* [EXERCISE AIM] In the data that follows, find each line containing "Tree" and copy it.

(Short descriptive text snippets)
- - - - - - -

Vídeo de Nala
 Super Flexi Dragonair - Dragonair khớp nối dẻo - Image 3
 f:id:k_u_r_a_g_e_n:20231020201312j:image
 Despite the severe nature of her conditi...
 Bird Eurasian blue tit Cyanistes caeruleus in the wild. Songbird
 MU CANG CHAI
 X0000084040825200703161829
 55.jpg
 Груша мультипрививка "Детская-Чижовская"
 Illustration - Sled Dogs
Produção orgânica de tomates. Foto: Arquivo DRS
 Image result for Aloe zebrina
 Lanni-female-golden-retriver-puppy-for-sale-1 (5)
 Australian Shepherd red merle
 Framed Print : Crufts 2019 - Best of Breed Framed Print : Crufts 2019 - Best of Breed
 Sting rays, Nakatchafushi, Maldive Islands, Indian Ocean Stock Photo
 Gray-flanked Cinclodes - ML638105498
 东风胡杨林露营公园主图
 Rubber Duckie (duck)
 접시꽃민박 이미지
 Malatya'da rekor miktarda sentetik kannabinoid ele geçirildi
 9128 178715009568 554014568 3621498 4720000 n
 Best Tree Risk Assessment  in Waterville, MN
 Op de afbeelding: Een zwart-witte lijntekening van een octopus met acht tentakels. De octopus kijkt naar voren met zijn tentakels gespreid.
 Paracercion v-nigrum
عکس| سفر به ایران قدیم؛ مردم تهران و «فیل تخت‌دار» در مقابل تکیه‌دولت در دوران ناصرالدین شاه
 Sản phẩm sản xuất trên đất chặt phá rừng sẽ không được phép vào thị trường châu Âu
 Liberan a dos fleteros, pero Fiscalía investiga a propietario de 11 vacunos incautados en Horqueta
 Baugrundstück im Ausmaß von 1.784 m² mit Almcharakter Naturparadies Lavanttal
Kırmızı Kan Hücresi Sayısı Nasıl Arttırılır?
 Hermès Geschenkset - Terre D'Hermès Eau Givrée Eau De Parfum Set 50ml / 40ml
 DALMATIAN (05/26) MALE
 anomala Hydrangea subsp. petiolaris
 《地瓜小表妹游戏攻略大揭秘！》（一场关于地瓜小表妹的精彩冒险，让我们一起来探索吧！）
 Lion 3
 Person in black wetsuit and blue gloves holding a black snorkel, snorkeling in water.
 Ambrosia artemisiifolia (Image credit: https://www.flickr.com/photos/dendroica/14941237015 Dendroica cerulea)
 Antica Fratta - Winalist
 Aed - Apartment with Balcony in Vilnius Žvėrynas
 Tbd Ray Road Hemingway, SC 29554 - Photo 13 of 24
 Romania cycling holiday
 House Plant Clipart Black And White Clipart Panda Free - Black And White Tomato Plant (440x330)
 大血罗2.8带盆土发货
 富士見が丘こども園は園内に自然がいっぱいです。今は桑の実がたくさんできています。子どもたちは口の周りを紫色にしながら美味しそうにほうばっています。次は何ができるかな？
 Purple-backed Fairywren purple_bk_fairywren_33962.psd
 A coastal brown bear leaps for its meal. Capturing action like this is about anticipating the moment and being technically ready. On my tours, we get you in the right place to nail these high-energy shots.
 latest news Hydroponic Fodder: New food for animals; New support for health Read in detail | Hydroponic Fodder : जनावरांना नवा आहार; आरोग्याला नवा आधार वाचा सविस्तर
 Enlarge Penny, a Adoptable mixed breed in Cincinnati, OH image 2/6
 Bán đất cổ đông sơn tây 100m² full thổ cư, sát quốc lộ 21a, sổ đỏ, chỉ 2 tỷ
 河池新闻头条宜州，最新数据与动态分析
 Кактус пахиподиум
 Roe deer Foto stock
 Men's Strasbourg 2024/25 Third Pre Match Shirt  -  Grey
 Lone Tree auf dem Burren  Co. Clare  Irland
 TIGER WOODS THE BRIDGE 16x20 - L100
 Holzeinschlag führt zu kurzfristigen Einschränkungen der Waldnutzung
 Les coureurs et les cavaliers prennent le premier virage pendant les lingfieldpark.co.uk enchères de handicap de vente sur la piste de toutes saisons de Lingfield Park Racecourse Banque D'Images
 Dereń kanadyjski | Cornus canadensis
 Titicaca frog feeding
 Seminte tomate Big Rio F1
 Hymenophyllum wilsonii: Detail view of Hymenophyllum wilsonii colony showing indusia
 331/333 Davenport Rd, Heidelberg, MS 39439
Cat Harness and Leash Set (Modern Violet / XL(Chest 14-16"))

- - - - - - -

* [REPLY TO THE TASK]
 Best Tree Risk Assessment  in Waterville, MN
 Lone Tree auf dem Burren  Co. Clare  Irland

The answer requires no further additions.